Work required:
A faithful copy is required of the lines from the top of the entries through the line that contains "Produktbild von MuchoWow®", both included, with no pictures.

(Given information Opens)

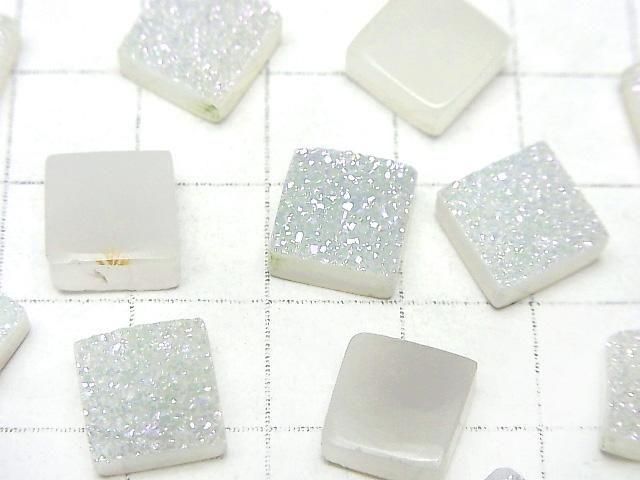 Druzy-Achat Quadrat Cabochon 10x10mm AB-beschichtet 2 Stück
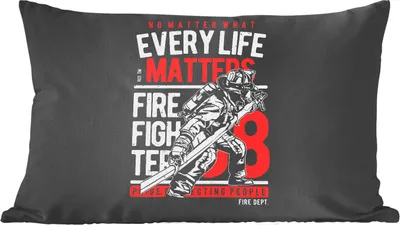 Produktbild von MuchoWow® Zierkissen Sofakissen Wohnzimmer Dekokissen 60x40 cm Mancave - Feuerwehr - Vintage - Rot - Schwarz - Kopfkissen - Polster mit Foto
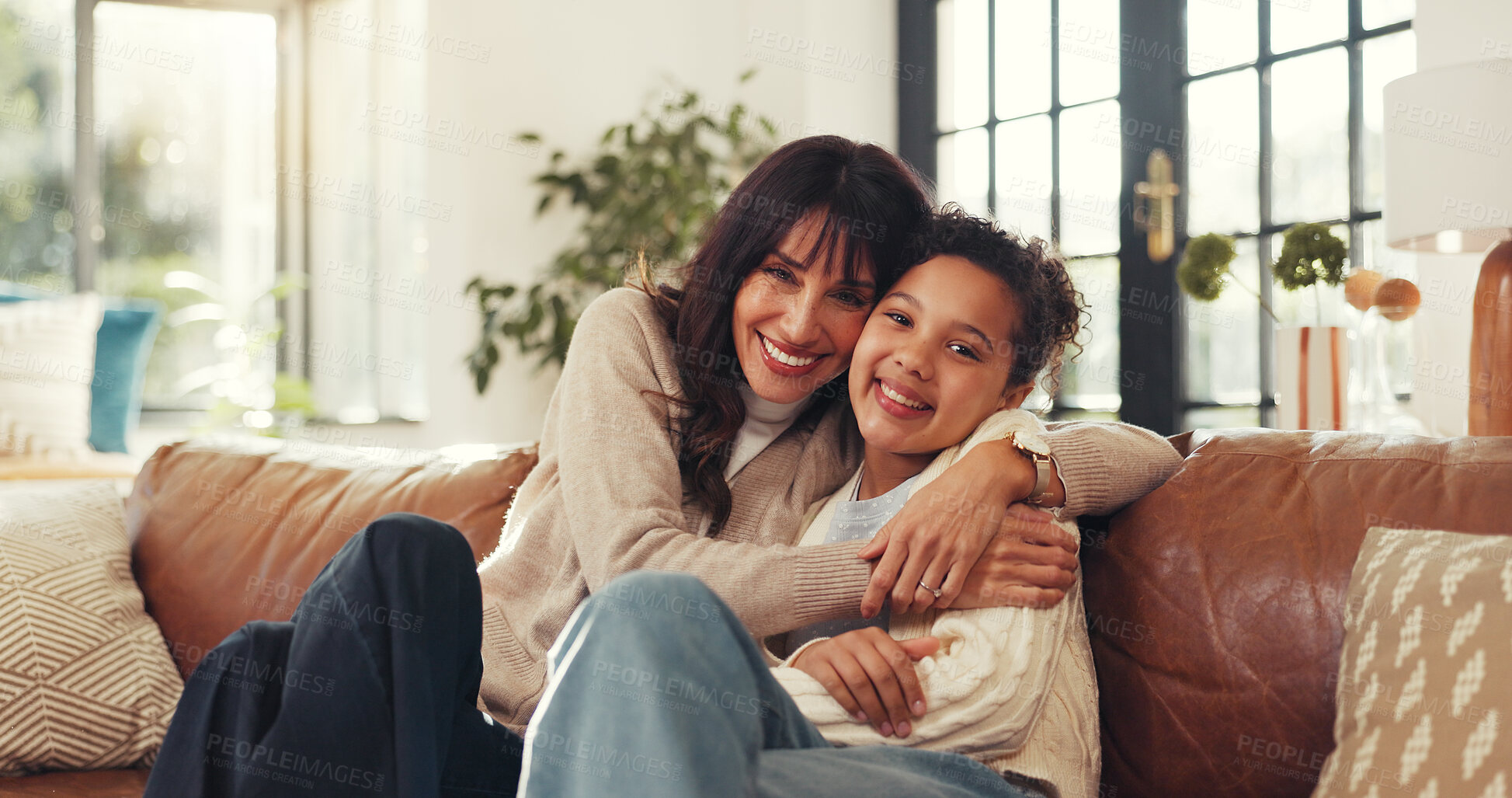 Buy stock photo Portrait, hug and mom with child on sofa for bonding, relationship and support in living room. Family, parenting and happy mother with girl embrace in home for affection, care and love on weekend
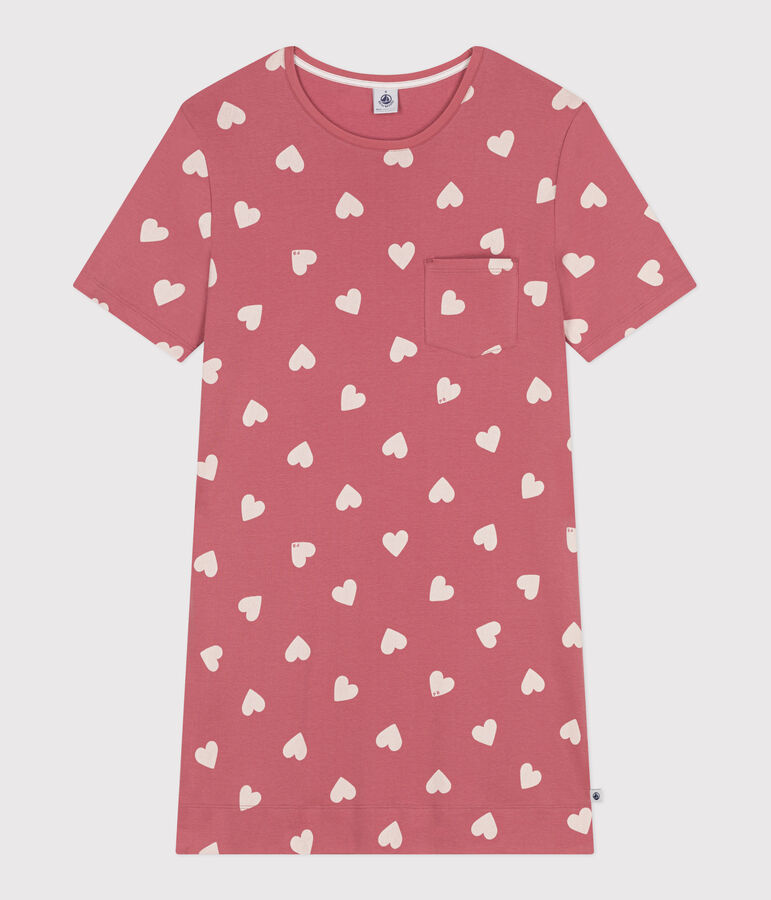 Camis&oacute;n de manga corta con estampado de corazones para mujer rosa/blanco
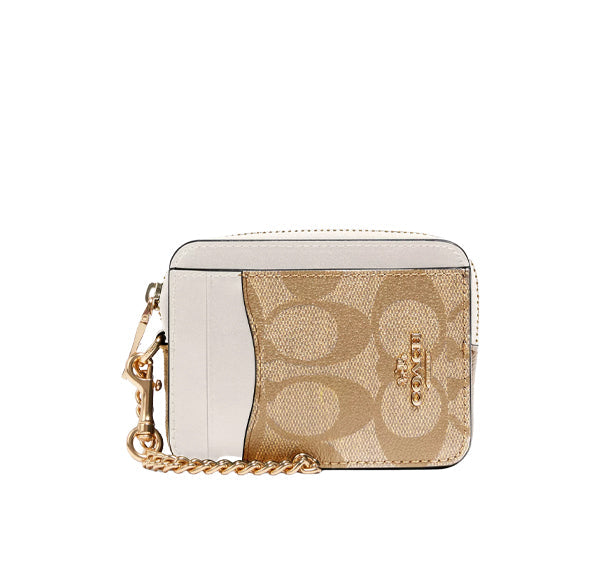 Coach Women's Zip Card Case In Signature Canvas Gold/Light Khaki Chalk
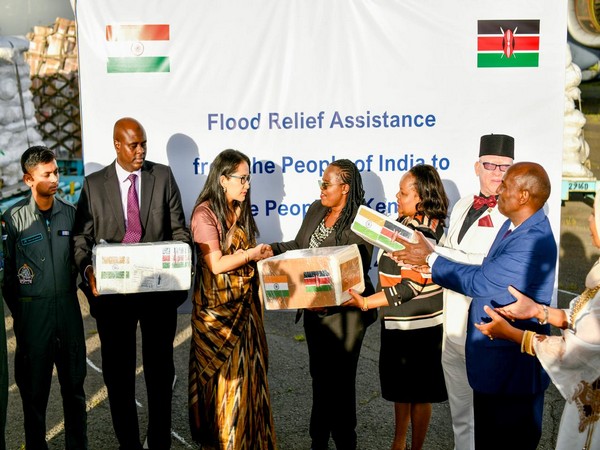 Indian High Commissioner to Kenya, Namgya Khampa handing over the humanitarian assistance (Photo:  X @IndiaInKenya)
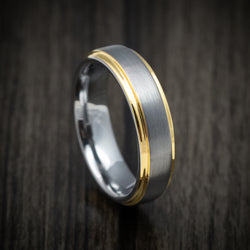 Tungsten Men's Ring with Yellow Gold Tungsten Edges Custom Made Band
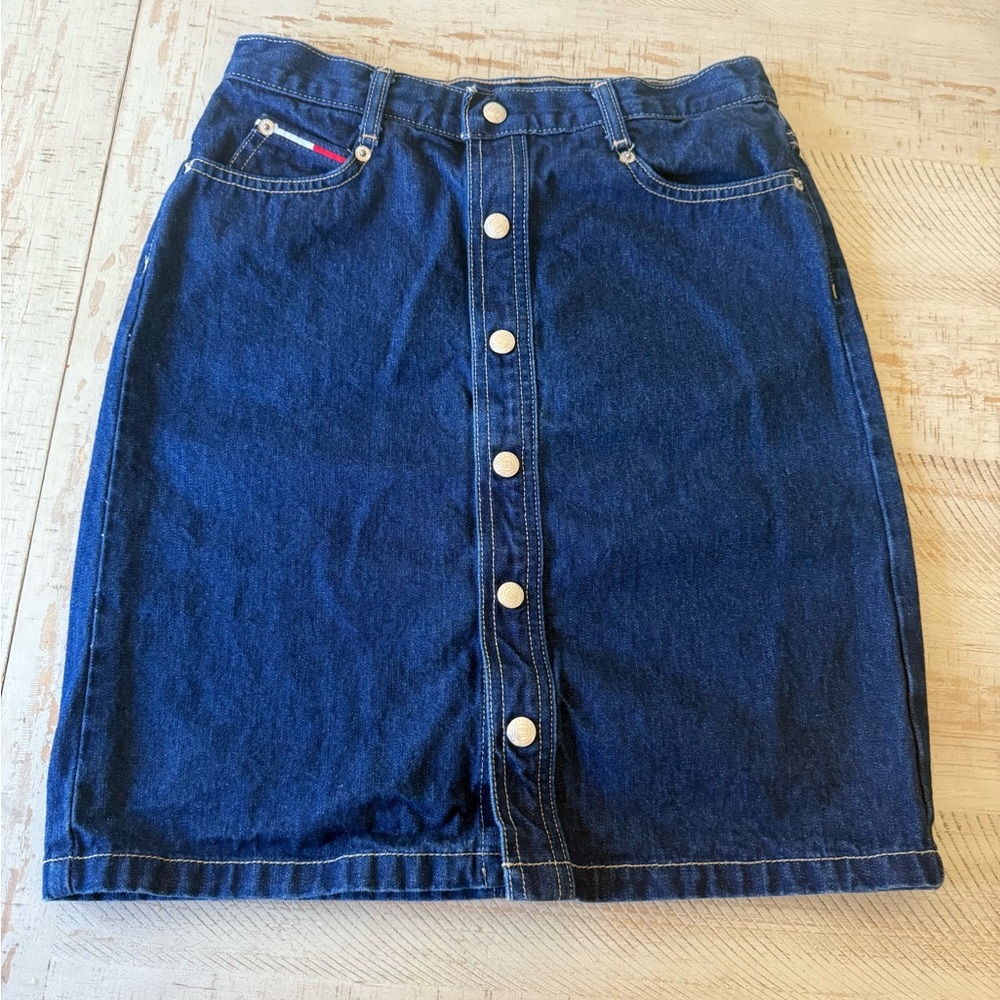 Y2K Tommy Jeans Button Front Denim Skirt Size 3 Juniors Mini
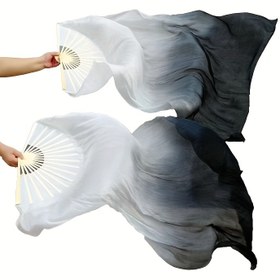 Resim 1 Adet Geleneksel Çin Dansı Yelpazesi - Siyah Beyaz Gradyan Suluboya Tasarımı, Yüksek Kaliteli Polyester Karışım & Bambu Çerçeve ile Tai Chi, Bale ve Kültürel Performanslar İçin Şık Sahne Aksesuarı 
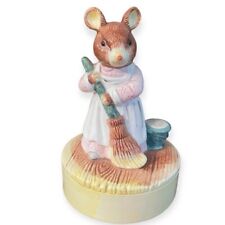 Vintage Beatrix Potter Hunca Munca Music Box Ceramic 6” Figurine Playmates picture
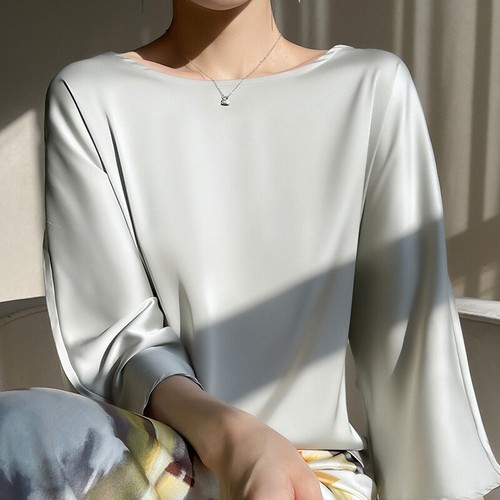 Neu Damen Seide Satin Rundhals Shirts Bluse lockerer Pullover 3/4 Arm T-Shirt - Bild 9 von 14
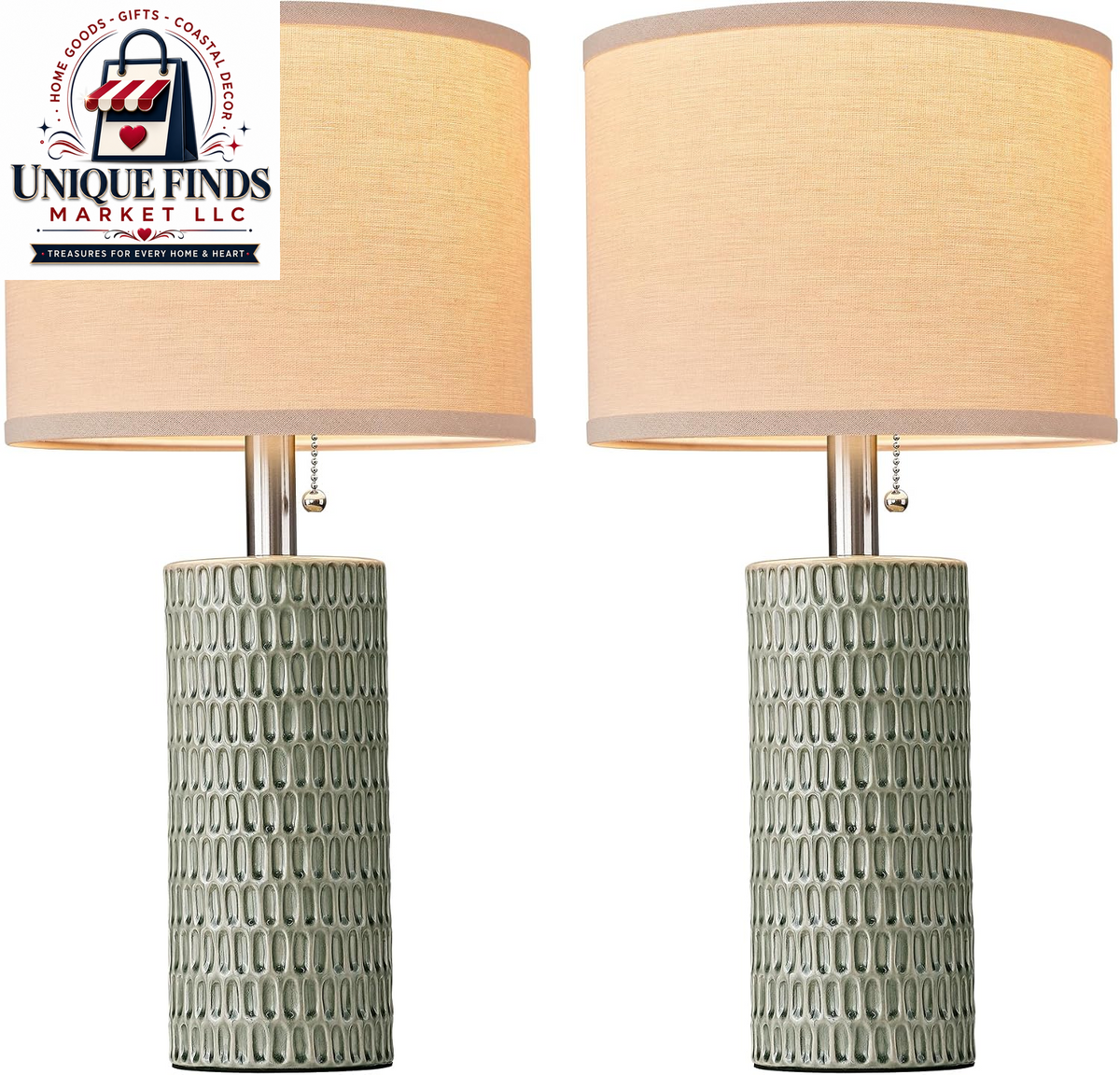 Reaketon Modern 20.5” Ceramic Table Lamps - Set of 2 in Green for Bedroom Decor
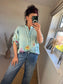 SANDY Cotton Shirt - Wildflowers Mint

(Given information Closes)

Task output:
 Druzy-Achat Quadrat Cabochon 10x10mm AB-beschichtet 2 Stück
 Produktbild von MuchoWow® Zierkissen Sofakissen Wohnzimmer Dekokissen 60x40 cm Mancave - Feuerwehr - Vintage - Rot - Schwarz - Kopfkissen - Polster mit Foto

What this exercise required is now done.